The Bramble Cay melomys or mosaic-tailed-rat, a mammal species, has become extinct according to researchers from Australia’s University of Queensland and Queensland Government. Due to “rising sea levels” and an “increased incidence of extreme weather events,” the rodent was wiped out. The now extinct mammal’s only habitat was Bramble Cay, a small island located in the Great Barrier Reef, in Australia. Researchers failed to find any trace of the rodent in the region in 2014 although the exhaustive search made.
This research, led by Professors Ian Gynther, Natalie Waller and Luke Leung from University of Queensland’s and Queensland’s Department of Environment and Heritage Protection, had 150 traps laid on the island for six nights in other to find the small rodent which was last seen in 2009.
“A thorough survey effort involving 900 small animal trap-nights, 60 camera trap-nights and two hours of active daytime searches produced no records of the species, confirming that the only known population of this rodent is now extinct,” said Luke Leung in a press release.
Luke also stated that the key factor responsible for the death of the Bramble Cay melomys is almost certainly high tides and surging seawater, which has traveled inland across the island.
Due to climate change, it is said that between 1993 and 2014 the sea level around the Torres Strait, where the also known mosaic-tailed rat lived- have risen at twice the global average rate, which recently has increased by almost 20 cm.
The researchers wrote in the report that for low-lying islands like Bramble Cay, the destructive effects of extreme water levels resulting from severe meteorological events are compounded by the impacts from the anthropogenic climate change-driven sea-level rise.
The researchers said in their report published on the Queensland government’s website last week that significantly, this probably represents the first recorded mammalian extinction due to anthropogenic climate change.
Europeans first discovered the Bramble Cay melomys in the mid-1800s. The 4-5 unstable coral cay Bramble Cay, located in the eastern Torres Strait, was the rodent’s only habitat. This mammal species was nocturnal and used to shelter in burrows or under debris where there’s vegetation. They were mainly vegetarian.
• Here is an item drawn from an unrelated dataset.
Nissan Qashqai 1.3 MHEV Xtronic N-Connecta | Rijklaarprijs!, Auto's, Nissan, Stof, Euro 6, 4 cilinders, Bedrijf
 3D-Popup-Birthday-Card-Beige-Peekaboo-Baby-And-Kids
The island’s ecosystem is at risk
In a phone interview, Jamie Carr, coordinator of the International Union for Conservation of Nature’s Global Species Program, told Weather.com that for the IUCN the rodent has highly likely gone extinct, but they did not declare it extinct because they need it to consults other research and experts to finally report it. He said that to be sure that the Australian research carried out by University of Queensland’s, and Queensland’s Department of Environment and Heritage Protection is accurate.
Since the rodent’s habitat has been affected by the climate change, researchers were uncertain if the rodent could have migrated to the Torres Strait a strait between Australia and New Guinea that has more than 200 islands.
Stuart Pimm, a professor of Conservation Ecology and endangered species at Duke University claims that the report should be something to be worried about because every time species are driven to extinction by human-caused climate change, we are disrupting the world environment.
“It’s not just a little mouse, it’s an island ecosystem that’s at risk,” he said
Species faces extinction due to human-caused climate change
John White, an ecologist from Dakin University in Australia, told The Guardian, “I am of absolutely no doubt we will lose species due to climate change NIL the increasing pressures. Indeed, extinction and climatic change have gone hand in hand throughout the history of the world.”
In 2015 a study published in the journal Science says that one in six of the planet’s species will be wiped out by human-caused climate change if world leaders do not take actions.
Anthony D. Barnosky, a professor at the University of California, Berkeley and expert on climate change’s effects on the natural world, addressed the extinction of Bramble Cay melomys as “a cogent example of how climate change provides the coup de grace to already critically endangered species.”
“I think this is significant because it illustrates how the human-caused extinction process works in real time. On land, we’re seeing the same thing, except rather than water barriers, the barriers are the 51 percent of the Earth’s land surface that has been taken over by people,” said Barnosky.